Objective: To examine the characteristics of patients transferred from a rural hospital emergency department, to compare them with patients admitted on an emergency basis, and to use this information to help plan physician education.
Design: Descriptive study using records for the period January 1, 1991, to June 30, 1992.
Setting: The emergency department at Bonnyville Health Centre, an acute care rural hospital located 240 km northeast of Edmonton, serving a catchment population of approximately 10,000.
Participants: One thousand fifty-five patients seen in the emergency department who were either transferred to another centre or admitted to the Bonnyville Health Centre on an emergency basis.
Main outcome measures: For the transferred group, main diagnosis, category of transfer, and reason for transfer. For the admitted group, main diagnosis, length of stay, type of discharge.

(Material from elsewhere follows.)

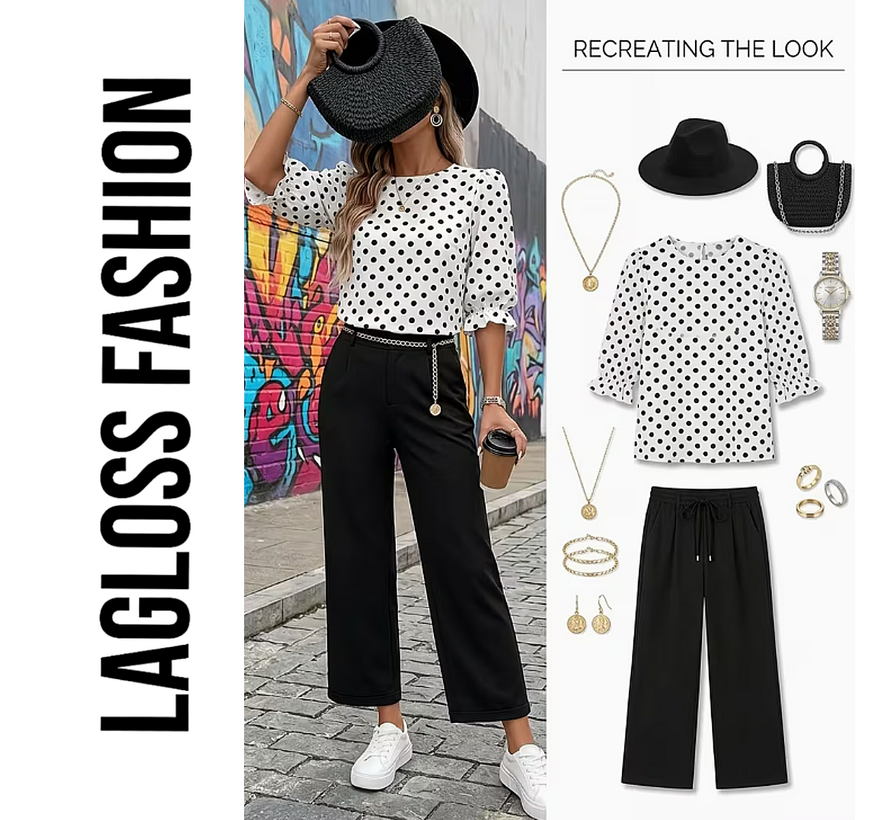 LaGloss® Dames Blouse met Zwarte Polka Dots – Elegante Witte Top met Lantaarn Pofmouwen – Casual & Chique Blouse - Maat XXL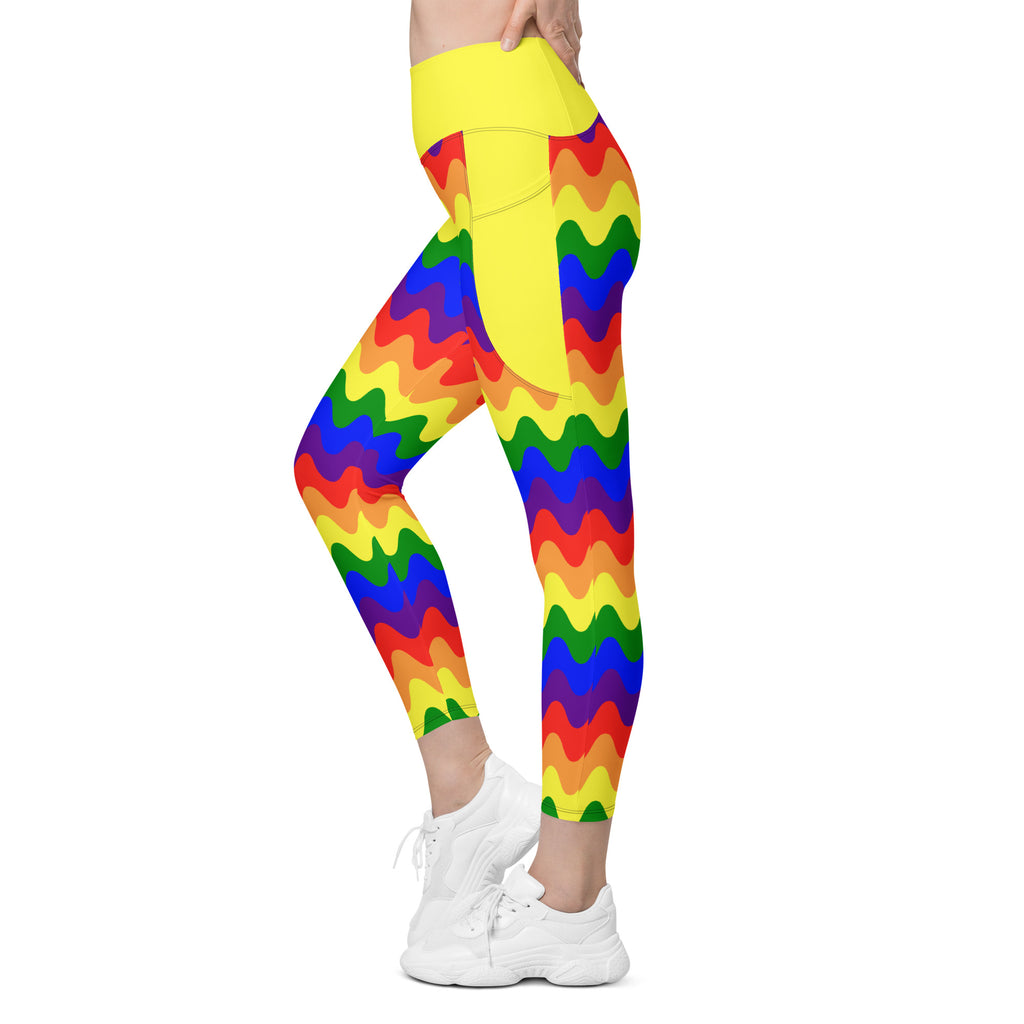 RECYCLED High Waist Pocket Leggings - 'Rainbow Waves'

Results: Of the 1055 patients ill enough to be either admitted or transferred, 114 (10.8%) were transferred. Those transferred were predominantly men, the elderly, and people with orthopedic injuries or neurologic diseases. Those admitted presented primarily with internal, respiratory, gynecologic, or pediatric disorders. Reason for transfer was mainly lack of specialized services or equipment at the rural hospital.
Conclusions: Patients transferred out of the emergency department differed from those admitted in diagnoses and sex. Most transfers were considered "mandatory." Results of this analysis supported incorporating a formal rotation in orthopedics and adding 4 weeks to the existing emergency medicine rotation in our family medicine residency program.